WHAT IS
JEFFREY FORD
ON SEPT. 14TH, 2025, at precisely 6:59AM, an old US Airforce C-17 cargo plane swept down over what was left of Oklahoma City and, staying low, headed due east. Approximately twenty minutes later, by the first light of day, the plane’s navigator spotted the skeletal-like remains of an enormous, dead Hackberry tree in the middle of a field, close by a dried out stream bed. The tree coincided with his mission coordinates, and he gave the order to the load master to prepare to make the drop—a 5,000 pound pallet. A few seconds later, the pilot circled back to the location and then a silk white blossom burst open in the sky. The payload drifted down slowly and the plane went round above. The drop was spot on target, so close to the tree that part of its parachute tangled in the branches. After the successful delivery, the aircraft slowly climbed to 28,000 feet and set a course back toward northern Michigan.

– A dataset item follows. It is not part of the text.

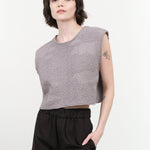 Styled view of Pacer Top in Grey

An hour and 13 minutes later, the sun, now fully risen, found the pallet sitting, undisturbed where it had landed. The temperature began to rise from the 90 degrees of the previous night toward the 120 it would no doubt reach that coming afternoon. An infernal breeze stirred, lifting the pervasive dust and swirling it over and around the pallet. In no time the atmosphere at ground level was thick with powdered dirt, decreasing visibility with each minute that passed. It was at this time that the radios in the hovels, huts and homes of those still living in Lincoln County crackled with the news that there had been an air drop. The last time such news had come, six months prior, there had been a dozen individuals who’d crawled or leaped out of bed to make ready for the journey. This time there were only five, and each of them noted the chilling final words of the transmission that this would be the last drop.